Electricity supply is classified as a basic necessity under Schedule 1, Group 2 of the VAT Act and is therefore exempt from VAT. However, the wheeling service – the transmission of electricity through the grid – is classified as a taxable service because it is not included in the VAT exemption list. The wheeling service is therefore subject to VAT at the standard rate of 13%. This distinction adds a cost layer to the transmission business model that does not apply to the underlying commodity being transported.
Section H: Grid Planning and Capacity Mismatch
Q26. What is the generation-transmission mismatch in Nepal?
Nepal’s generation capacity is growing at a significantly faster rate than its transmission network. Despite rapid growth in hydropower projects developed by both the state and IPPs, the construction of high-voltage corridors (400 kV and 220 kV lines) has not kept pace. This infrastructure gap has turned the transmission network into the single most significant bottleneck preventing Nepal from fully utilising and exporting its clean energy.
Q27. What are the consequences of this mismatch?
The generation-transmission mismatch produces three categories of harm:
- Stranded Generation Assets and Project Delays: New hydropower plants cannot deliver electricity because evacuation routes are not ready. Without guaranteed power evacuation corridors, commercial banks and lenders frequently refuse to grant financial closure, stranding projects even in the development phase.
- Curtailment and Energy Spillage: Completed hydropower plants are forced to waste or “spill” generated electricity, particularly during the monsoon season when generation peaks but the grid cannot absorb the output.
- Financial Losses and Missed Export Opportunities: The inability to evacuate power causes financial losses for developers, triggers disputes with the Nepal Electricity Authority (NEA), and results in lost cross-border electricity export revenue.
Q28. How does this mismatch specifically affect the West Seti corridor?
The West Seti 400 kV Transmission Line and the hydropower generation projects it is designed to serve are mutually codependent.

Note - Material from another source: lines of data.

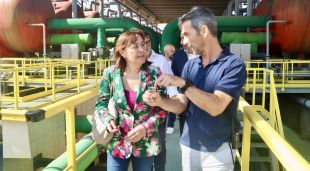 Paneque i Carlos Miguel durant la visita a la dessalinitzadora del Prat del Llobregat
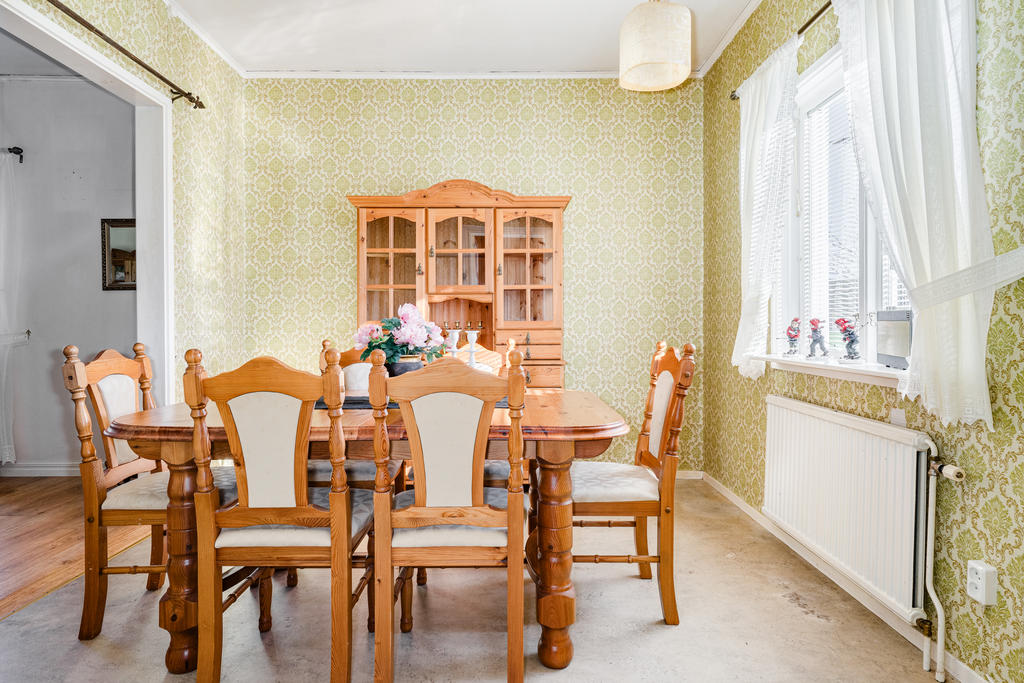 Separat matsal med plats för större matgrupp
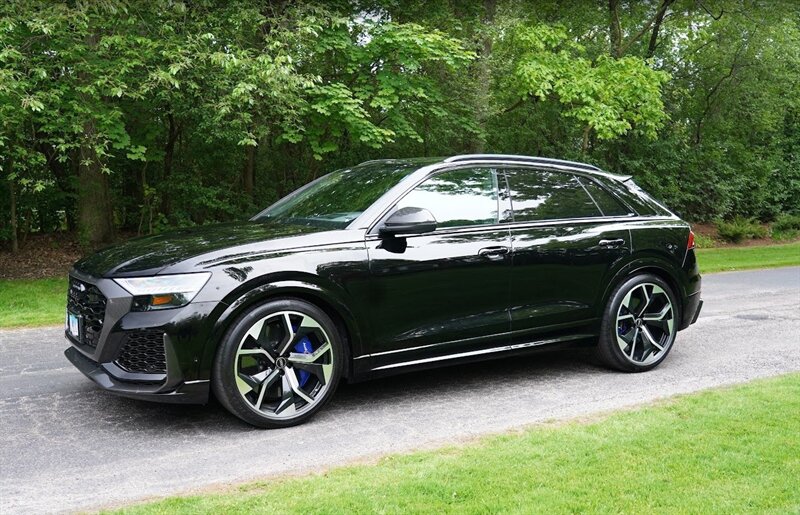 2021 Audi RS Q8 4.0T quattro   - Photo 1 - Northfield, IL 60093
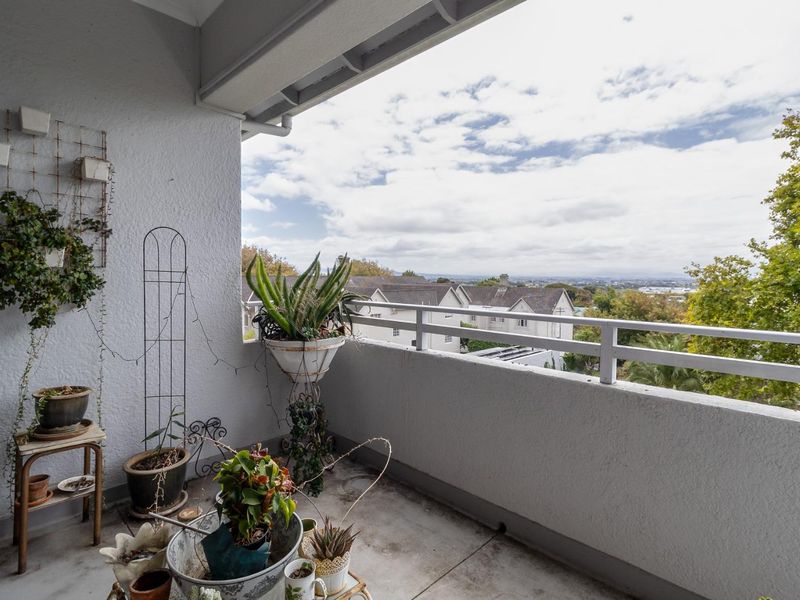 Spacious 2 Bedroom Apartment in Kenilworth Upper - Photo 8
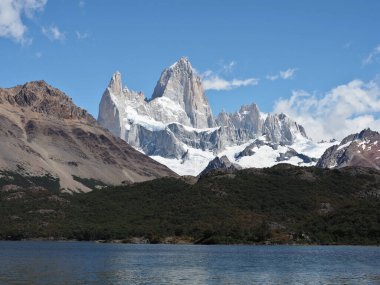 Monte Fitz Roy (veya Fitz Dağı Roy), Patagonya 'nın Arjantin ve Şili sınırında bulunan bir dağdır. El Chaltn köyü ve Viedma Gölü yakınlarında yer almaktadır. Zirve 3405 metre yüksekliğinde.. 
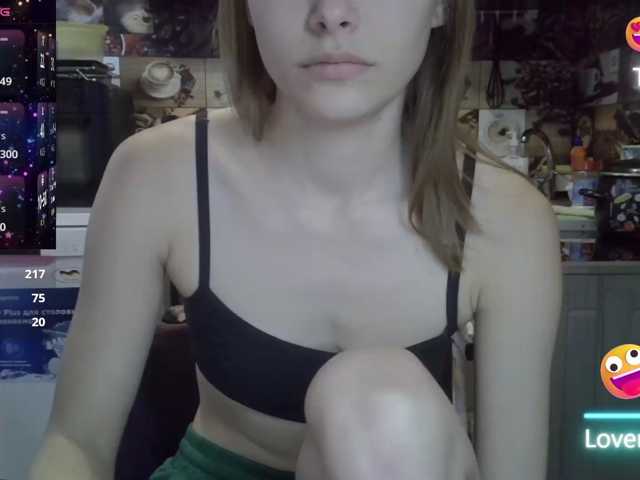 EvaaKisssss, live now on BongaCams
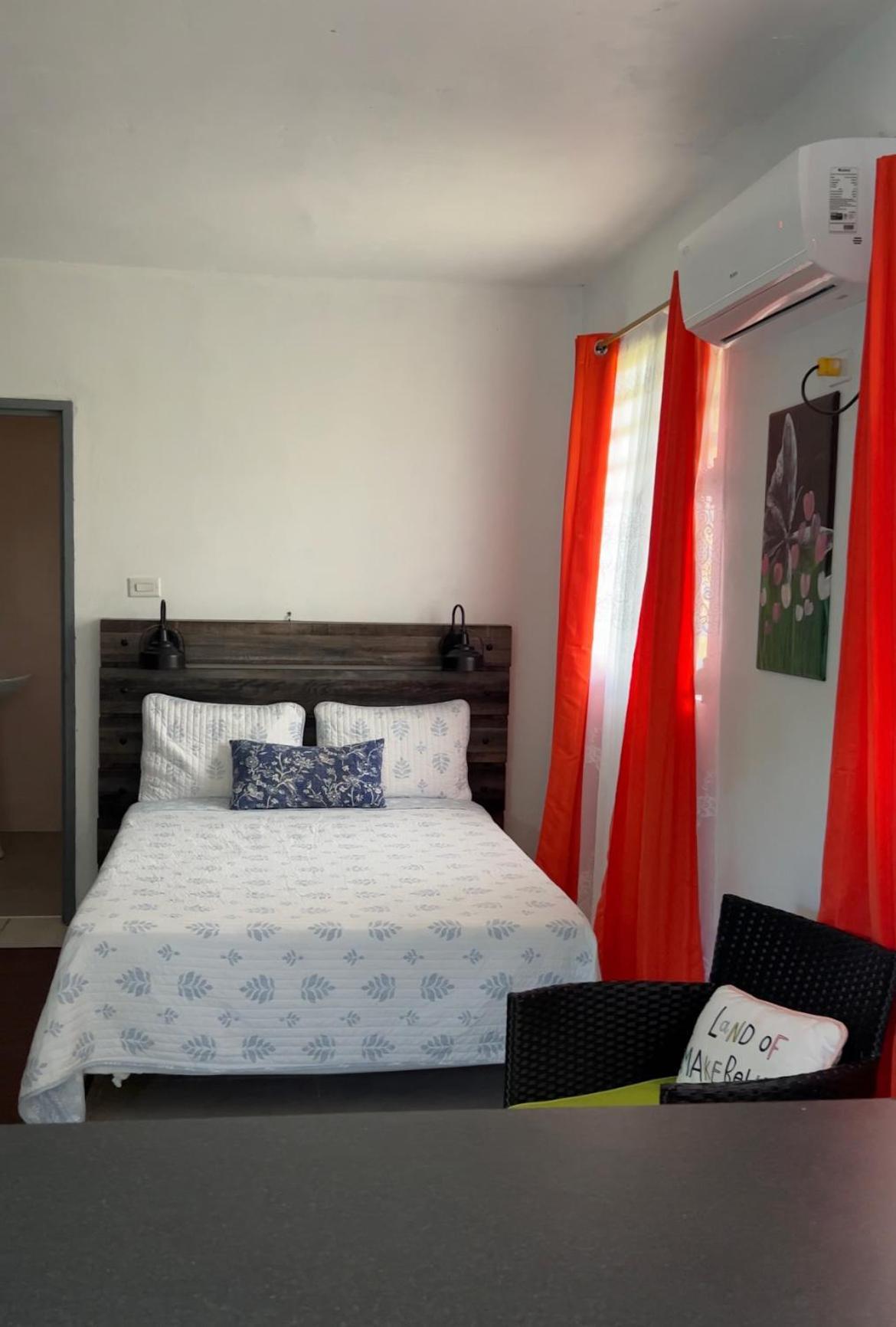 Cattleya Flor Hotel Oranjestad  Exterior foto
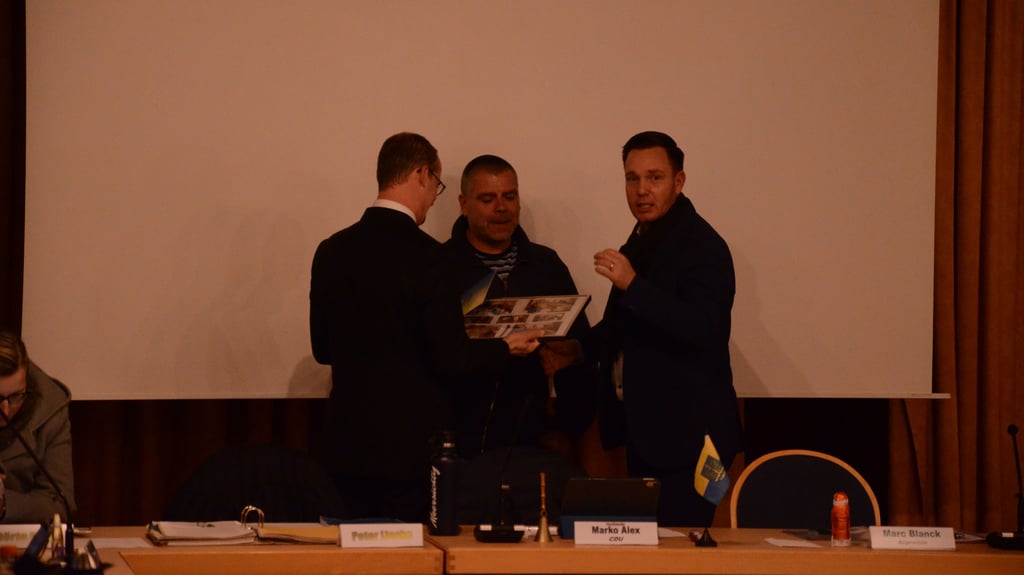 Eine besondere Collage als Abschiedsgeschenk: Fotos aus 26 Jahren Ehrenamt in der Kommunalpolitik.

Without the transmission line, the generation assets in the West Seti basin (approximately 2,500 MW) will remain completely stranded – unable to deliver power to the national grid or export markets. Conversely, without committed generation projects, the transmission line cannot generate the wheeling revenue needed to service its own debt and justify its USD 204.27 million investment. This circular dependency makes coordinated development of both generation and transmission infrastructure essential.
The West Seti corridor illustrates a broader systemic challenge: generation developers need a confirmed transmission line to achieve financial closure, while the transmission SPV needs confirmed generation commitments to demonstrate revenue viability to lenders. Breaking this “chicken-and-egg” deadlock requires coordinated government intervention.